Mike Ault's thoughts on various topics, Oracle related and not. Note: I reserve the right to delete comments that are not contributing to the overall theme of the BLOG or are insulting or demeaning to anyone. The posts on this blog are provided “as is” with no warranties and confer no rights. The opinions expressed on this site are mine and mine alone, and do not necessarily represent those of my employer.

Tuesday, September 15, 2009

Exadata Part Deux

I just watched Larry Ellison’s webcast announcing the new Exadata-2, the Database Machine made for both data warehouse and OLTP systems. The new Exadata contains both DDR3 (about 450 GB) and Flash (around 5.6 TB) cache areas (not SSD) and up to 100 TB of SAS or 336 TB of SATA raw disk capacity in a full rack of 8 DB servers and 14 Exadata-2 cells. Of course formatted and ASM redundancy will eat at least half of that disk capacity or more.
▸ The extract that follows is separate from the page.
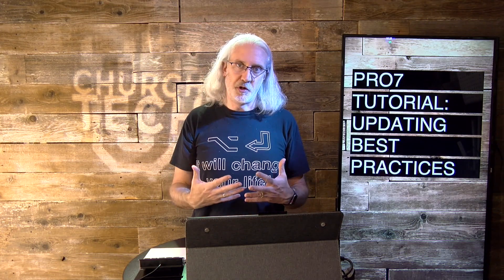Either way, here are some best practices to consider when it comes to updating ProPresenter or even updating your OS. First thing: do not update right before church. Never. With the exception of if Renewed Vision tells you to update because you have a bug from a previous version that's giving you trouble and they're saying, 'Update, this fixes that bug.' That would be the one exception. But in general, don't update right before church.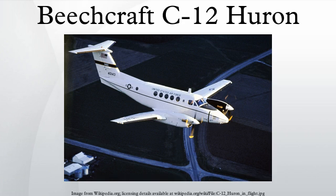The C-12 Huron is the military designation for a series of twin-engine turboprop aircraft based on the Beechcraft Super King Air and Beechcraft 1900. C-12 variants are used by the United States Air Force, United States Army, United States Navy, and United States Marine Corps. These aircraft are used for various duties including embassy support, medical evacuation, and passenger and light cargo transport. Some aircraft are modified with surveillance systems for missions including the Cefly Lancer, Guardrail, and Project Liberty programs.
Larry promises 10X at a minimum improvement in speed and response with 1,000,000 IOPS per full rack.

All of this is wonderful news except for one thing, it locks you completely into Oracle technology. The Oracle database, Oracle Linux OS and Oracle SUN hardware. None of this new toy works without special Oracle software and licensing. You can’t run anything else on it but Oracle. It comes preconfigured with Oracle and OS. The cost for a full rack is 1.15 million plus around another million in license fees.


Interesting thing that you could take the 8 DB servers with a normal amount of memory, not the massive 72 GB per server in the Database Machine, 4 RamSan-620’s and 2 RamSan-420’s, a couple of FC switches and some HBAs and get that 1,000,000 random IOPS Flash plus an additional 1,200,000 random IOPS DDR and have 5 TB of Flash, fully redundant, and 512 GB of DDR2 fully redundant and still come in at less than 1.15 million and a lot less on license fees. Shoot, even add in some SATA or SAS drives and use the preferred read technology in 11g ASM or other global filesystems and viola! The same configuration. Nice thing, you can run anything on it. Of course Oracle runs really sweet on this configuration but so will SQLServer, MySQL, BSD, or anything else. It can also run Windows, Linux, or with IBM servers, AIX as well as Solaris’ various flavors.


So you get the same bang, since Oracle11g software will run (with its compression technology, query optimization and partitioning) the only thing you don’t get is the added power requirements of the SAS or SATA drives in the 10 extra Cells needed to get what we get out of 12-U of space.


One other point Larry made was that to expand you just add more servers of more cells. Supposedly in Oracle11gR2 RAC allows this anyway. Now we don’t have fancy software that automatically rebalances the whole storage array, but guess what, Oracle provides ASM for free and it does.


Ok, I will concede one point, the parallel query software at the cell level (10K USD per disk license fee in Exadata-1) will probably result in some queries (who knows, maybe all) running a wee bit faster than without it, but I would love to see a comparison between equal configurations just to see!